0
votes

Good day, I'm trying to configure SOLR to use Tesseract OCR engine for text extraction from images, but did not have success yet.

SOLR extracting fine text from structured text documents (.xls, .pdf, doc, etc), but it does not want to call Tesseract module for text recognition.

I'm using

  • SOLR v.7.4.0
  • Tesseract version 4.1.1
  • TIKA 1.18 version (build-in in SOLR, no standalone version)

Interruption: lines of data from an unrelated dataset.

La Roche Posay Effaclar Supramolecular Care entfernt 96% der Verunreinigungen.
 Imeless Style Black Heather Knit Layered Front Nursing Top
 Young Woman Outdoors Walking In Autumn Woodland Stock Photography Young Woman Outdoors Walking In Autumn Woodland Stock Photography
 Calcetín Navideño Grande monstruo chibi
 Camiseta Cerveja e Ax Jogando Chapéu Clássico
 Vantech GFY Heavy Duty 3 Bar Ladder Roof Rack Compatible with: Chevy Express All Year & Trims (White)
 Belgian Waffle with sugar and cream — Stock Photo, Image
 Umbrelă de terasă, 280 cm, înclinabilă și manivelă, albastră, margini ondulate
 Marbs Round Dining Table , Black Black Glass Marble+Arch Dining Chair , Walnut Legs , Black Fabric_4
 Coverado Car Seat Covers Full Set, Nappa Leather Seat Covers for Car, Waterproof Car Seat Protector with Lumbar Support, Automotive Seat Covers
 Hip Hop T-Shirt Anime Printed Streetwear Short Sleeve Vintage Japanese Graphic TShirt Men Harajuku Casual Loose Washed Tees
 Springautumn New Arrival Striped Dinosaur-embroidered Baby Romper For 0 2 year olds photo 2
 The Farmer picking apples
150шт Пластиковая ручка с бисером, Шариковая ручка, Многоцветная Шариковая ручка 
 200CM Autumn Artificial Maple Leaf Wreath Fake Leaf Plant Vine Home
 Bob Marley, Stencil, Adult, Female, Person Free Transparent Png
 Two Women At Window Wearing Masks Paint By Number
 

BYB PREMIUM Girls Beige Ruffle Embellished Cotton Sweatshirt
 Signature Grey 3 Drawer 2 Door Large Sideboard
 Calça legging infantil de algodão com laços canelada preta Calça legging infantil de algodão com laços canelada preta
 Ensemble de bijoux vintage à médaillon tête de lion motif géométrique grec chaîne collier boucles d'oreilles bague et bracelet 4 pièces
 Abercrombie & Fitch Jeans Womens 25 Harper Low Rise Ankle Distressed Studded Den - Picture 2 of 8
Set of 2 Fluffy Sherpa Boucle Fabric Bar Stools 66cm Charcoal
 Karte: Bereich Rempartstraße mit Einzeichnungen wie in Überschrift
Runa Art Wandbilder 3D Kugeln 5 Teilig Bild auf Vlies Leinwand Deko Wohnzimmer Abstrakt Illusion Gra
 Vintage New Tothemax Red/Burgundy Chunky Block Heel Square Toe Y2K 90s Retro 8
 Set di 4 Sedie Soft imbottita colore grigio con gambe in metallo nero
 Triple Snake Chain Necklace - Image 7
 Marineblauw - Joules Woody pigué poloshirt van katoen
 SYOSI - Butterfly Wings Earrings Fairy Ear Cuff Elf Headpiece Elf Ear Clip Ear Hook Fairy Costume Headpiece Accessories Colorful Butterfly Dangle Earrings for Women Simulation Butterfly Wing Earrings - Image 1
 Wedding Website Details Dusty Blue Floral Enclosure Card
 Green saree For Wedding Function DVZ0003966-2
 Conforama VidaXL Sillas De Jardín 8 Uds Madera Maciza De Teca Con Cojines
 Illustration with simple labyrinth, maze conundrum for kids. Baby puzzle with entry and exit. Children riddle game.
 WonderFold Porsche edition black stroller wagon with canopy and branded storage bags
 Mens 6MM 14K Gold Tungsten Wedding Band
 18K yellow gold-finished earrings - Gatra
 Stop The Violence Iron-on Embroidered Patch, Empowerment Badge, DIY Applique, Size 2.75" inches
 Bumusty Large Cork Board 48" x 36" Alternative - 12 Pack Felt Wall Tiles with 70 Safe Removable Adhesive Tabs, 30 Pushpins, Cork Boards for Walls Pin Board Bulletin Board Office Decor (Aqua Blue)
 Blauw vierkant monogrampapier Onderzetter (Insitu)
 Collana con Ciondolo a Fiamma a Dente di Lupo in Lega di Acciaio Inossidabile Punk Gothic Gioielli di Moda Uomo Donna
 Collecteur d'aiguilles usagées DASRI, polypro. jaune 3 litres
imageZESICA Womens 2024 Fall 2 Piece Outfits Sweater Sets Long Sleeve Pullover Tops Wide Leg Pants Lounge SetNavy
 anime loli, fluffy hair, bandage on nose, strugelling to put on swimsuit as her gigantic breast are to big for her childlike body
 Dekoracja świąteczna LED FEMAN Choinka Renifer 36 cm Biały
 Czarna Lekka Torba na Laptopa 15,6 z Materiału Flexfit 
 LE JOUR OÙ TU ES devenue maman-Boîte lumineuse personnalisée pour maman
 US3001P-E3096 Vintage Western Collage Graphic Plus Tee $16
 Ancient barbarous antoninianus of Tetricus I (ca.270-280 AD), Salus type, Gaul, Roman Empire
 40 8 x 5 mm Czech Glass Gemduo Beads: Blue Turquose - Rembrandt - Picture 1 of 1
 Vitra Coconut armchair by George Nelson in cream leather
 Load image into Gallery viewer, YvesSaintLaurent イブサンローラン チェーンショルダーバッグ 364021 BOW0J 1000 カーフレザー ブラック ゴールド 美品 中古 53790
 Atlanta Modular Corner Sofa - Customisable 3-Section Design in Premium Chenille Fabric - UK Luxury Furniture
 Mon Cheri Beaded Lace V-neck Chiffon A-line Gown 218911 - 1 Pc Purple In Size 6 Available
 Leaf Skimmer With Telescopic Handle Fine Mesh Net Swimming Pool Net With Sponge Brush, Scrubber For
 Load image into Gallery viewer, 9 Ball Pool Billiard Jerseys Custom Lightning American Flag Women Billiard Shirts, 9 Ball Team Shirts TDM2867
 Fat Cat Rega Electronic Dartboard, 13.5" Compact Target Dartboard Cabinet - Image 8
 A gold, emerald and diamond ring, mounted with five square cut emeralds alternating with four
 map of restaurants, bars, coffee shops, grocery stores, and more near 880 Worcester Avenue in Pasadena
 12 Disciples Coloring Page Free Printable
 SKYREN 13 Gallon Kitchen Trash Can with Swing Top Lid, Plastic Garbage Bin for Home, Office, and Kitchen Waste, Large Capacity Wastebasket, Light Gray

Tesseract is installed in to the following directory:

/usr/share/tesseract/4/tessdata/
echo $TESSDATA_PREFIX - > /usr/share/tesseract/4/tessdata/
tesseract -v
tesseract 4.1.1-rc2-20-g01fb
leptonica-1.76.0
  libjpeg 6b (libjpeg-turbo 1.2.90) : libpng 1.5.13 : libtiff 4.0.3 : zlib 1.2.7 : libwebp 0.3.0

Command tesseract test.jpg test.txt produces accurate txt file with OCRed content from test.jpg.

solrconfig.xml, TesseractOCRConfig.properties, ParseContent.xml files were modified to point to Tesseract installation.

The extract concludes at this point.